A tough thing about following this season has been tracking the motivations of the bad guys. They’ve played things close to the chest. Zeke always struck me as being a Marley loyalist, but I can see now that his inner life is much more complex. Zeke hated Grisha, and trying to kill his own dad didn’t put those demons to rest. He believes in the cause of Marley liberation- sort of. By the time he made it through his war training and finally met his brother Eren, both of them had become total nihilists. So his new plan is to save the world from titans. How? By exterminating the Eldians, his own race, in order to put a stop to the titan curse.

When I was trying to figure out Zeke’s ideology, I couldn’t, because it doesn’t make sense. That’s because Zeke is totally being informed by his irrational emotions.
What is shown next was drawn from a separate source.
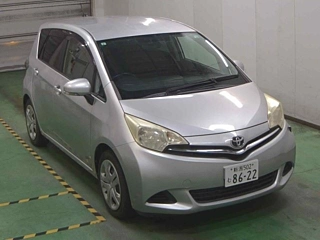 TOYOTA RACTIS 2011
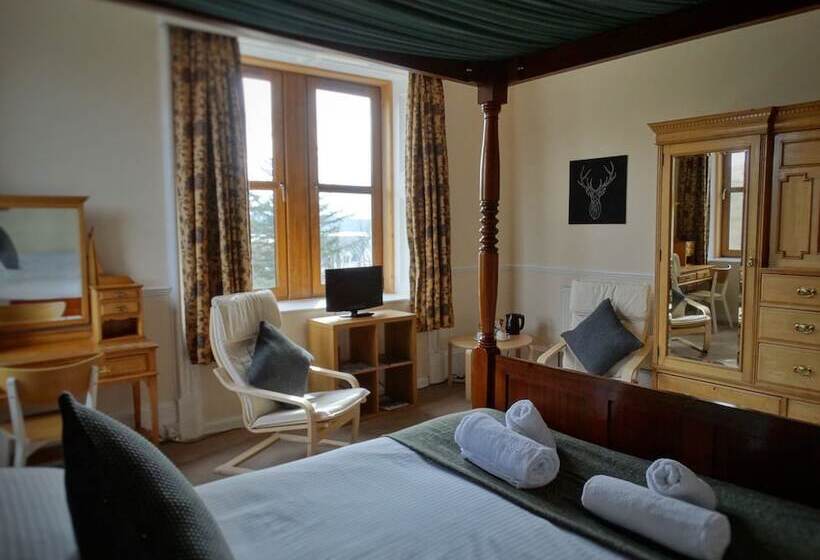 Номер Стандарт, Kilchoan House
He and Eren are trying to deal with their personal issues on the global stage, which is uh, not healthy.

5. Night mare

A few episodes ago, Gaby got gnawed on by a horse. This episode, she has her revenge, because two horses were immolated and cooked to death. That’s because in the present, sick of Levi’s torture, Zeke pulls the trigger on the bomb, exploding himself and Levi. Oh and those poor horses.

Zeke’s (apparent) last words were to his real father figure, Mr. Ksaver. It’s a testament to this show that I totally felt the weight of invoking a character I had met literally minutes before. I really doubt Zeke is dead, but we won’t have to wait long to find out. Next week is the finale of this half of the final season, and to call the situation a powder-keg is an understatement.


//TAGS | 2021 Summer TV Binge | attack on titan

Jaina Hill

Jaina is from New York. She currently lives in Ohio. Ask her, and she'll swear she's one of those people who loves both Star Wars and Star Trek equally. Say hi to her on twitter @Rambling_Moose!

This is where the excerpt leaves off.